Abu Mahmood Khujandi atau Abu Mahmud Hamid ibn al-Khidir Al-Khujandi merupakan seorang ilmuwan yang ahli dalam bidang astronomi dan matematika hebat. Al Khunjadi sendiri dilahirkan di sebuah wilayah yang bernama Khunjand pada tahun 940 dan meninggal pada tahun 1000.
Kota Khunjand ini terletak di sepanjang kedua tepi sungai Syrdarya, menuju pintu masuk ke Lembah Fergana yang sangat subur dan menghijau. Sehingga pada masa itu, pertanian di wilayah tersebut cukup maju. Pada masa modern saat ini, kota Khunjand merupakan negara Tajikistan yang terletak di Eropa Timur.

Riwat mengenai kehidupan Al Khunjadi sendiri diketahui dari berbagai macam tulisan mengenai hidupnya. Seorang ilmuwan sekaligus ahli matematika dari kota Khurasan Iran yang bernama Nasiruddin Al-Tusi banyak menuliskan komentar terhadap kehidupan maupun karya-karya milik Al Khunjadi. Dari berbagai macam tulisan dan komentar Al-Tusi bisa diketahui bahwa Al Khunjadi, selain merupakan seorang ilmuwan yang ahli astronomi dan matematika juga salah satu dari penguasa yang berasal dari keturunan suku Mongol di wilayah Khujand. Dengan demikian bisa disimpulkan bahwa Al Khunjadi berasal dari kaum bangsawan.

Dalam melakukan penelitian maupun pengembangan berbagai macam karya-karya ilmiahnya, Al-Khujandi didukung oleh para anggota dinasti Buwaih. Dinasti Buwaih tersebut sangat berkuasa pada tahun 945 ketika pemimpinnya yang bernama Ahmad ad-Dawlah berhasil menduduki Abbasiyah yang merupakan ibukota Baghdad. Anggota keluarga Ahmad ad-Dawlah sendiri menjadi para penguasa di berbagai provinsi. Sehingga tidak ada banyak perlawanan terhadap Dinasti Buwaih. Al-Khujandi sendiri banyak mendapatkan perlinduangan dari Fakhr ad-Dawlah yang memerintah antara tahun 976 hingga 997.

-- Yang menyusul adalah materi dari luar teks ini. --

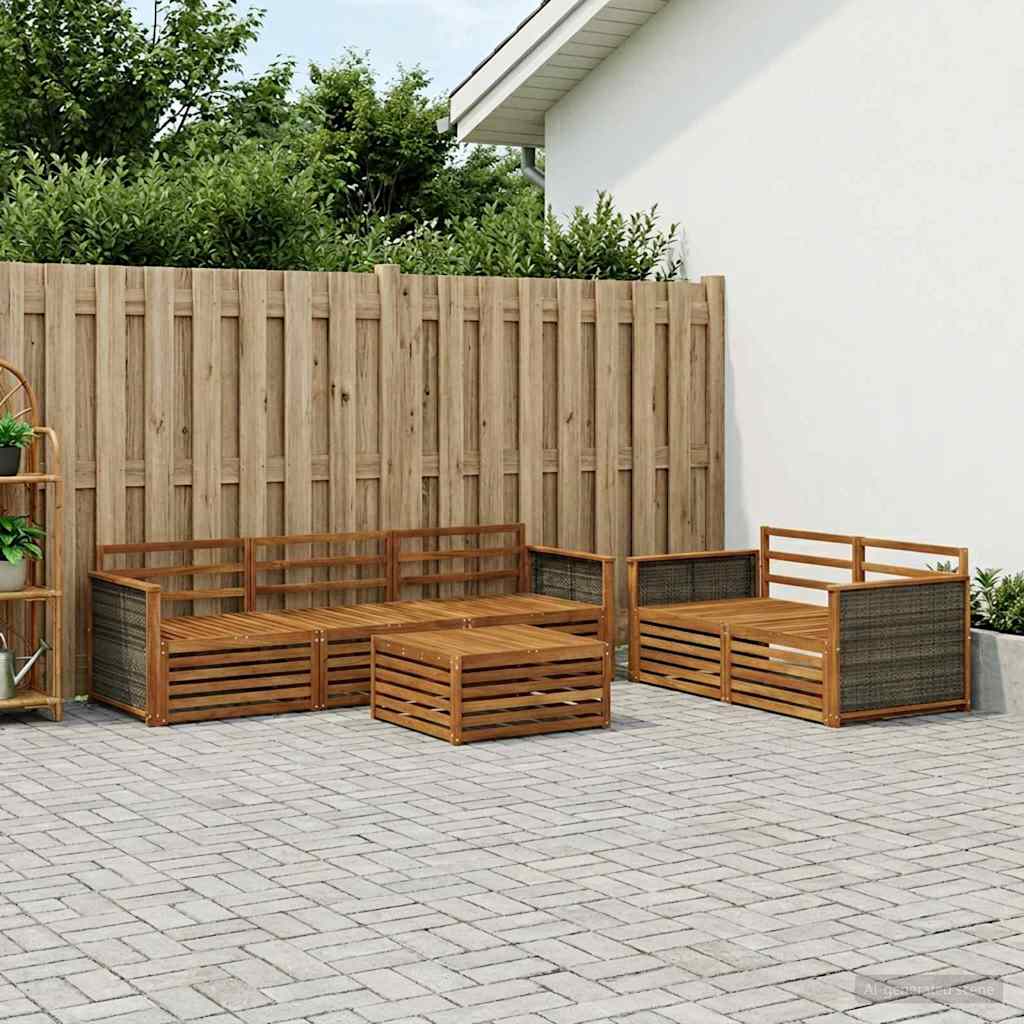 vidaXL Conjunto de sofás de exterior 6 uds. Natural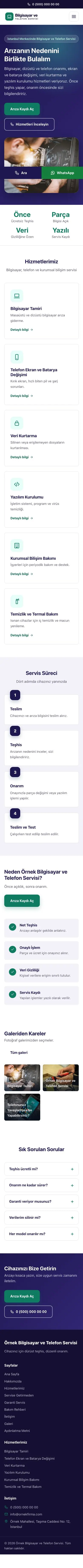 Klasik Lacivert Turkuaz – Bilgisayar ve Telefon Servisi Web Sitesi mobil görünümü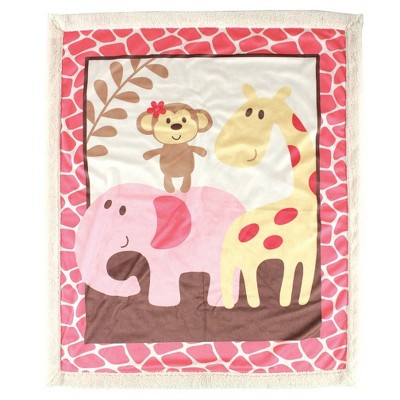 Luvable Friends Baby Girl Plush Blanket with Sherpa Back, Pink, One Size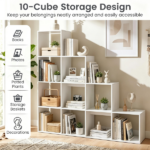 White Stepped 10-Cube Open Bookshelf 4-Tier Engineered Wood Storage Display Rack with Anti-Tipping Kits, Freestanding Book Organizer for Living Room Bedroom Hallway Office - Image 7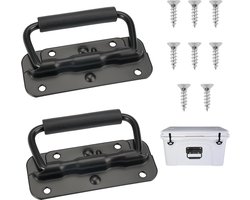 2 stuks klapgreep, geveerde kistgreep, handvat voor kisten, roestvrij staal, hardware dozen met geïsoleerde rubberen greepafdekking voor gereedschapskastdeur, 100 mm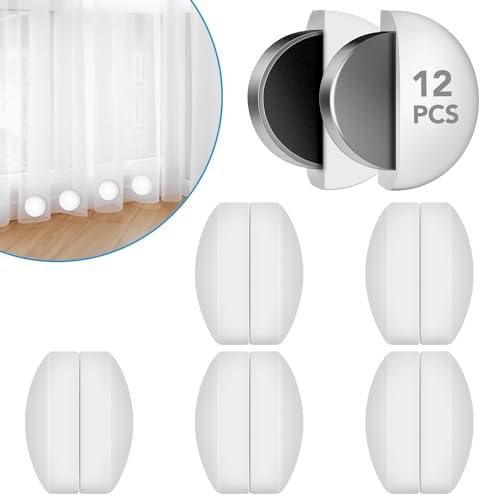 YixangDD 12 Pack Shower Curtain Weights, Magnetic Curtain Weights, 6 Pairs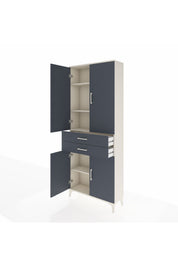 Arges Dolap 4 Raflı 2 Çekmeceli 4 Kapaklı 88x30x221 - S30M151V2A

Selain memberikan perlindungan bagi Al Khunjadi, Fakhr ad-Dawlah juga memberikan dukungan yang kuat terhadap proyek besar yang menjadi obsesi Al-Khujandi untuk membangun sekstan mural yang sangat besar bagi observatoriumnya di Rayy, yang saat ini dekat Kota Teheran, Iran. Para ilmuwan Arab mempercayai bahwa semakin besar alat tersebut maka semakin akurat pula hasil penelitian dan pengamatan yang akan diperoleh. Bahkan sekstan mural penemuan Al-Khujandi tersebut mampu menunjukkan akurasi hingga ke level detik di mana para ilmuwan sebelumnya, belum pernah mendapatkan penemuan seperti itu.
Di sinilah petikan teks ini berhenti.